+++ SUPPLIED RECORDS

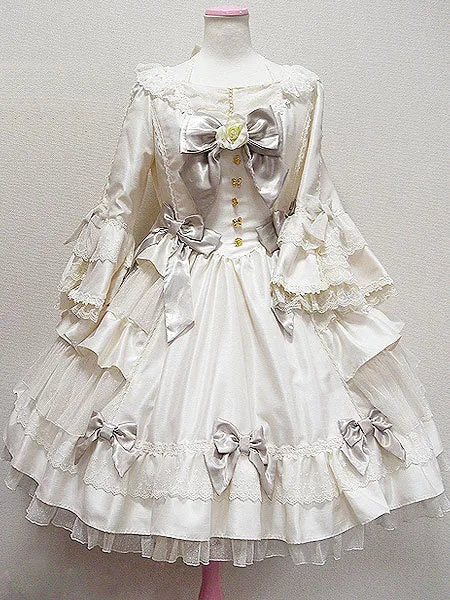 Classic Lolita Dress OP Black Hime Long Sleeve Lace Ruffled Bow Button Lolita One Piece Dress With Red Flowers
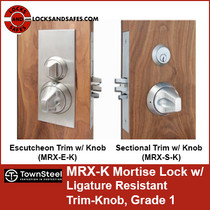 Townsteel MRX-K | Grade 1 Mortise Lock with Ligature Resistant Trim Knob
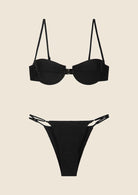 Bikini Donna Me Fui Reggiseno Con Ferretto e Slip Regolabile Nero 0101_BK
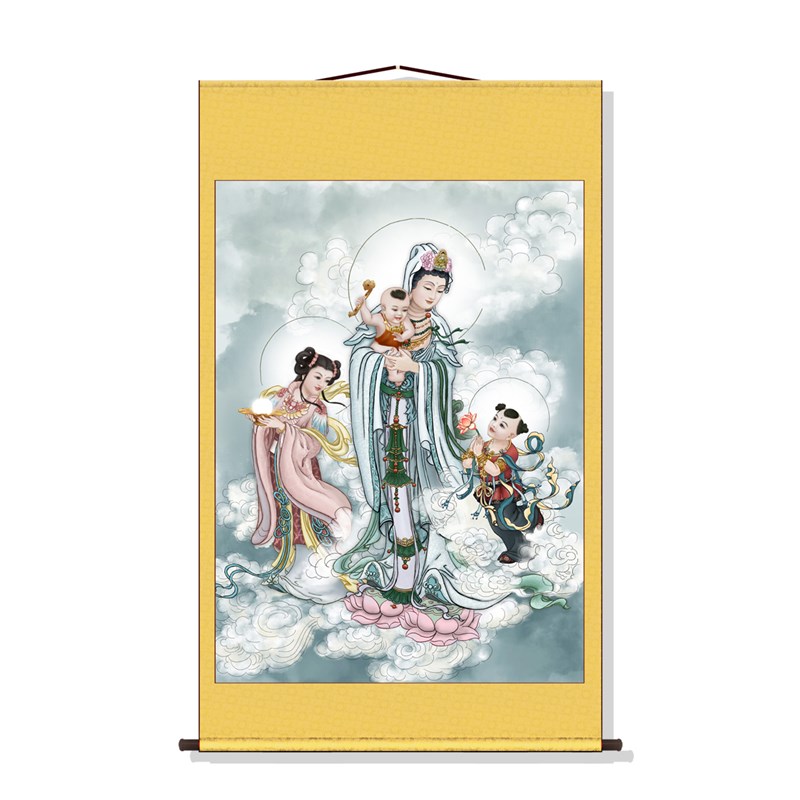 送子观音结缘画像子孙娘娘u子孙圣母广嗣元君像挂画客厅家用装饰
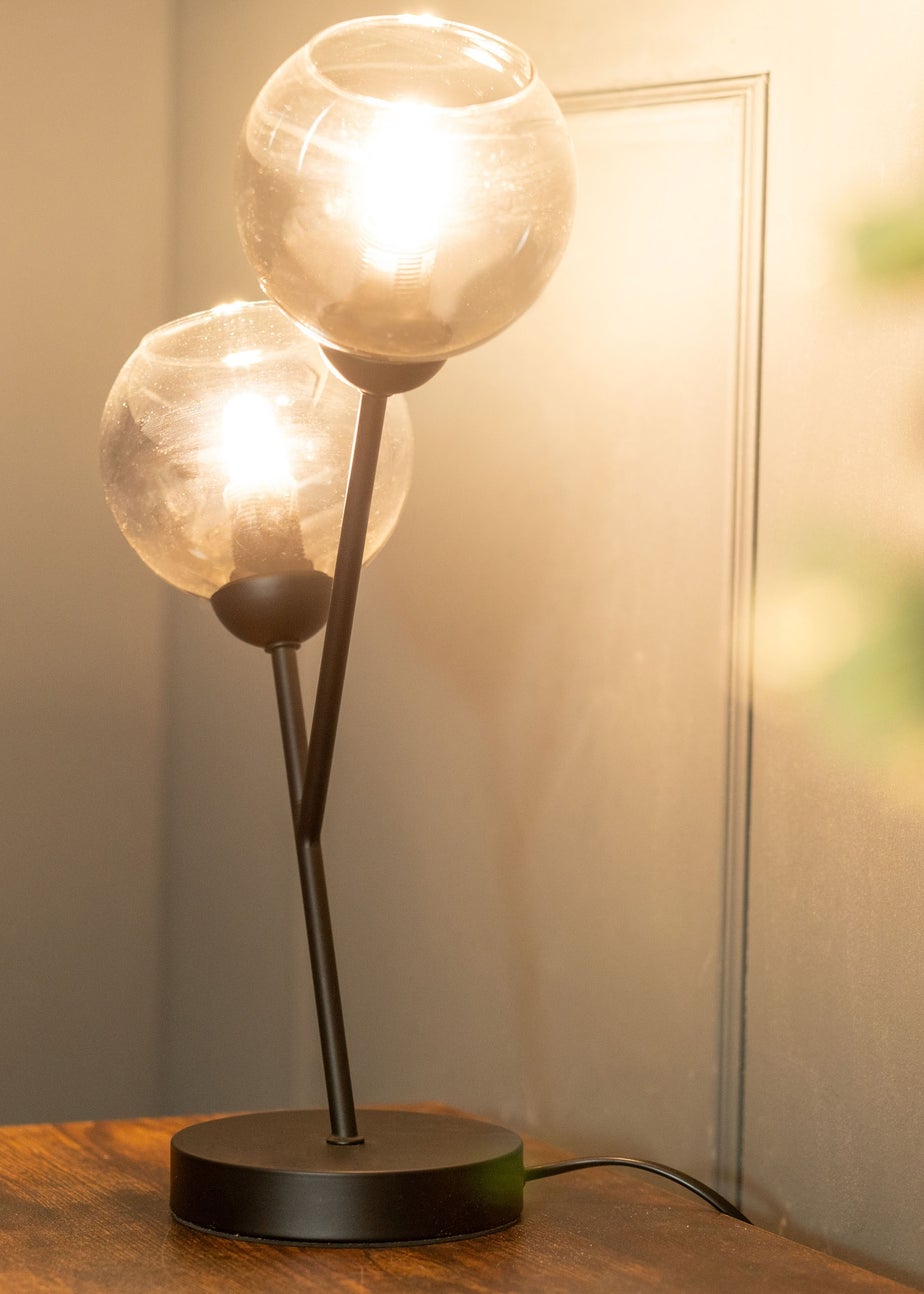 ValueLights Aria 2 Way Smoked Glass Table Lamp (43cm x 28cm x 13cm)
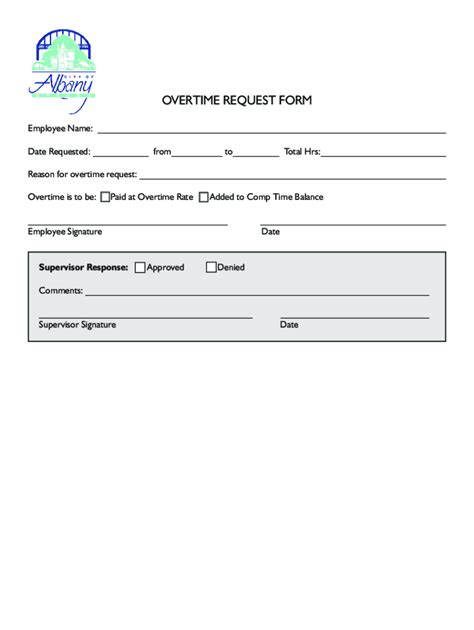 Fillable Online Overtime Request Form Fax Email Print Pdffiller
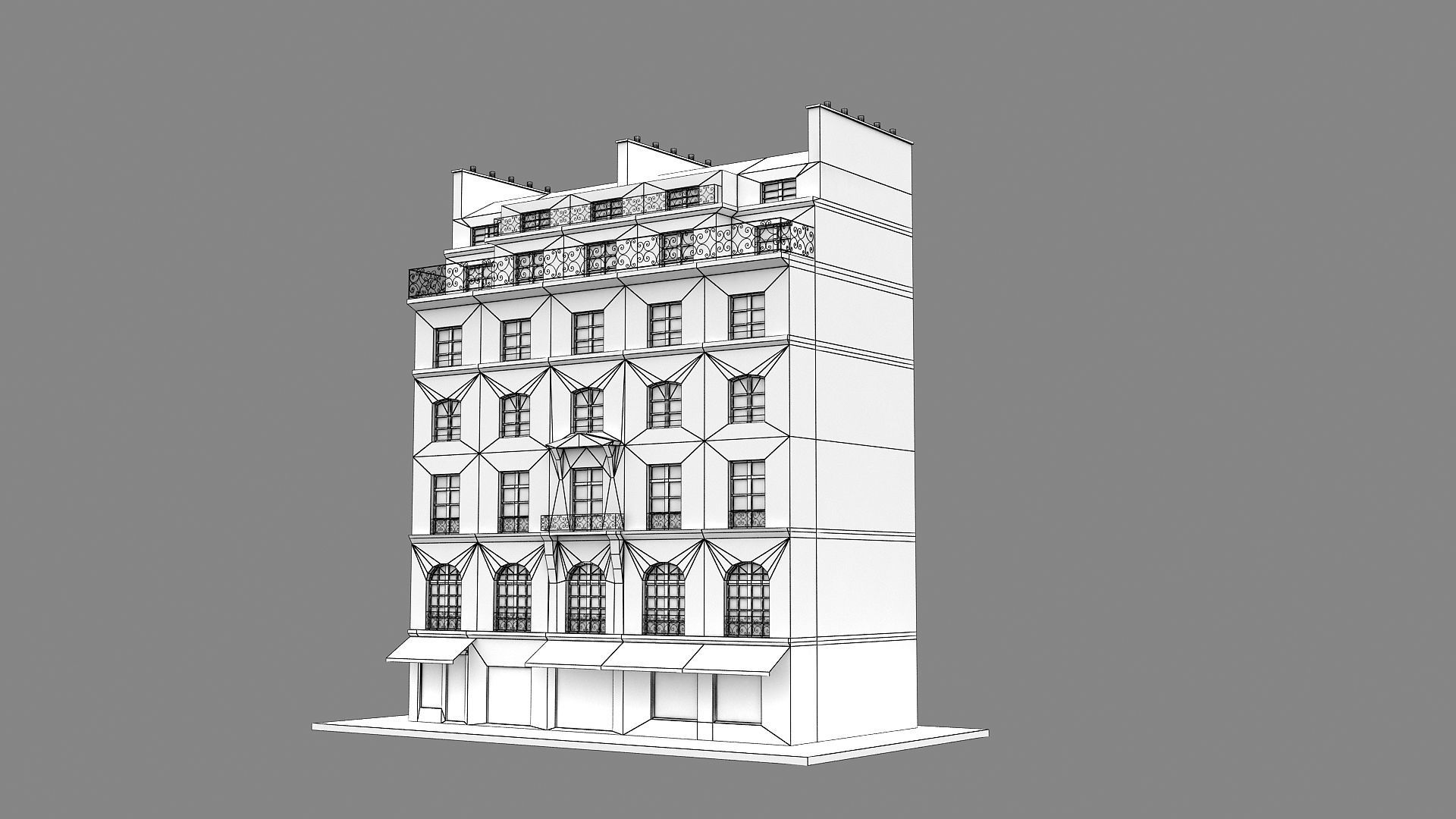 Typical Parisian Apartment Building 11 Low-poly 3D model_20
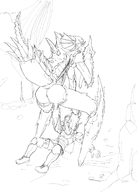 artist:unknown ass bug bug_girl helldiver helldivers monochrome monster_girl screaming sketch terminid // 1312x1833 // 542KB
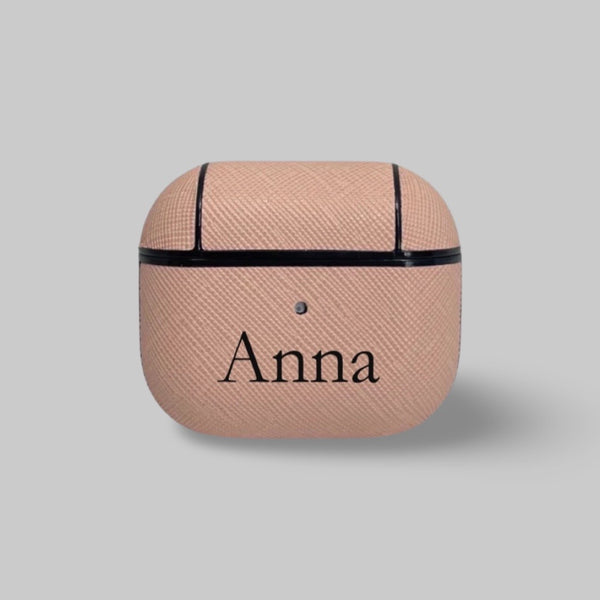 Personalised AirPods 3 Case in Pale Pink Leather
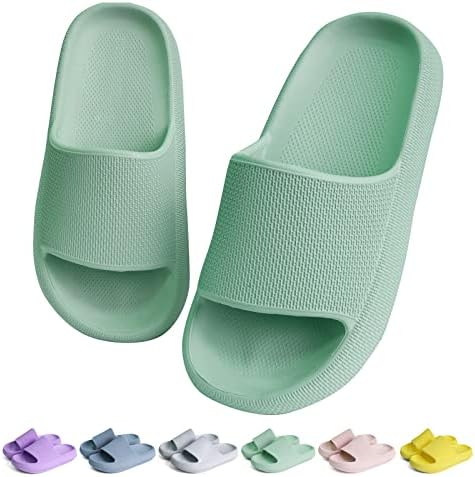 KOUECI Kids Cloud Slides Girls Boys Shower Slippers Slip on Slide Sandals Non-slip Summer Beach Pool Shoes(Light Green,1 Little Kids)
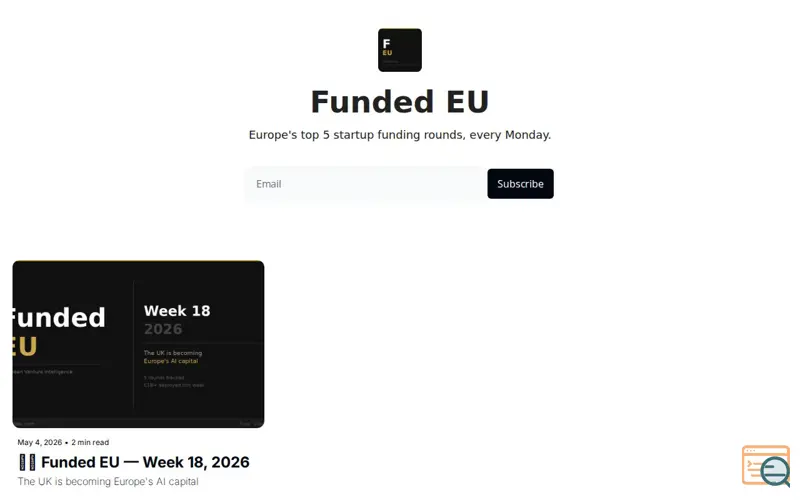 Screenshot of Funded EU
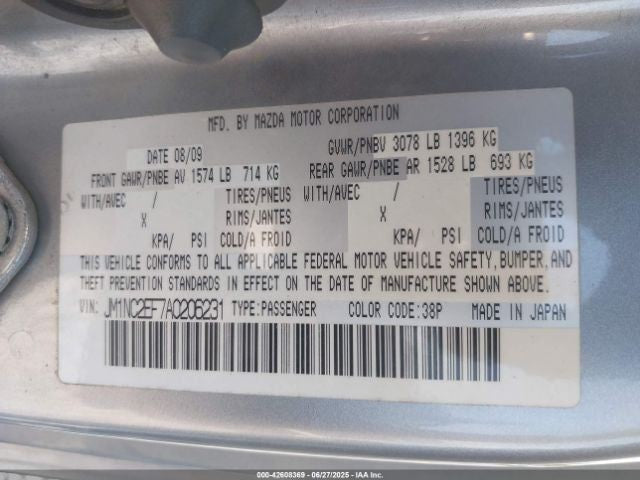 Alternator Fits 09-15 MAZDA MX-5 MIATA 1135676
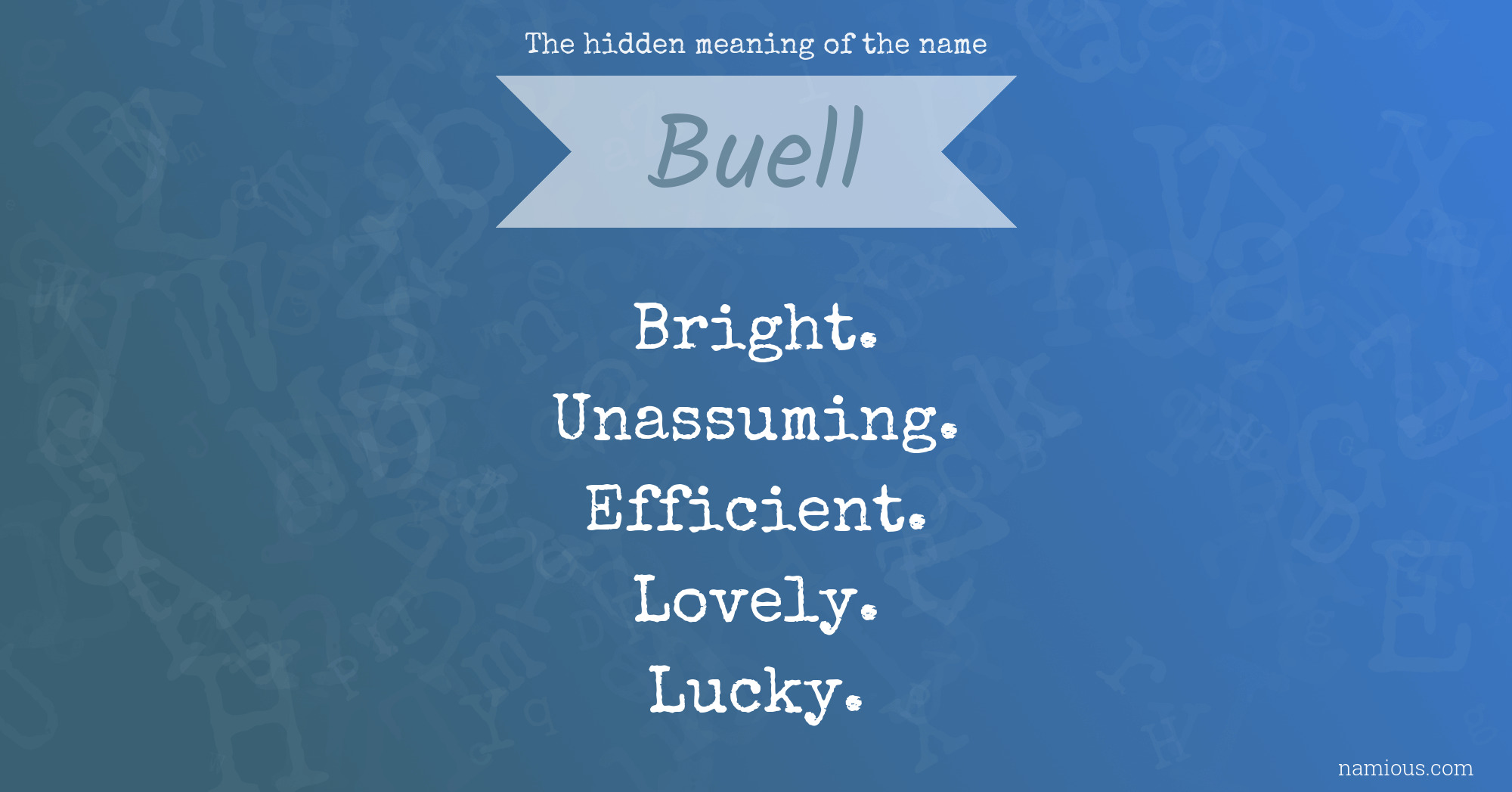 The hidden meaning of the name Buell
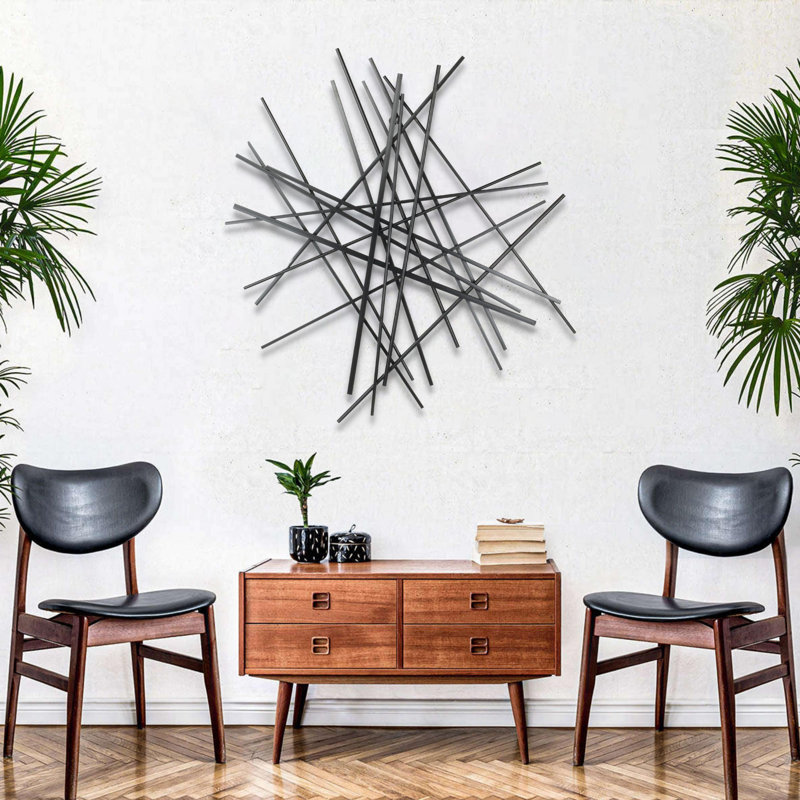 Handmade Modern Abstract Wall Decor on Metal, 35" H x 33.5" W x 1.25" D, Black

++++++

- WORK INSTRUCTIONS:
Exact text is required for the lines from the one with "artist:unknown ass bug" through the last line of the entries, both included. Omit pictures.

- YOUR RESPONSE:
 artist:unknown ass bug bug_girl helldiver helldivers monochrome monster_girl screaming sketch terminid // 1312x1833 // 542KB
 Personalised AirPods 3 Case in Pale Pink Leather
 KOUECI Kids Cloud Slides Girls Boys Shower Slippers Slip on Slide Sandals Non-slip Summer Beach Pool Shoes(Light Green,1 Little Kids)
 Screenshot of Funded EU
 Alternator Fits 09-15 MAZDA MX-5 MIATA 1135676
 The hidden meaning of the name Buell
 Handmade Modern Abstract Wall Decor on Metal, 35" H x 33.5" W x 1.25" D, Black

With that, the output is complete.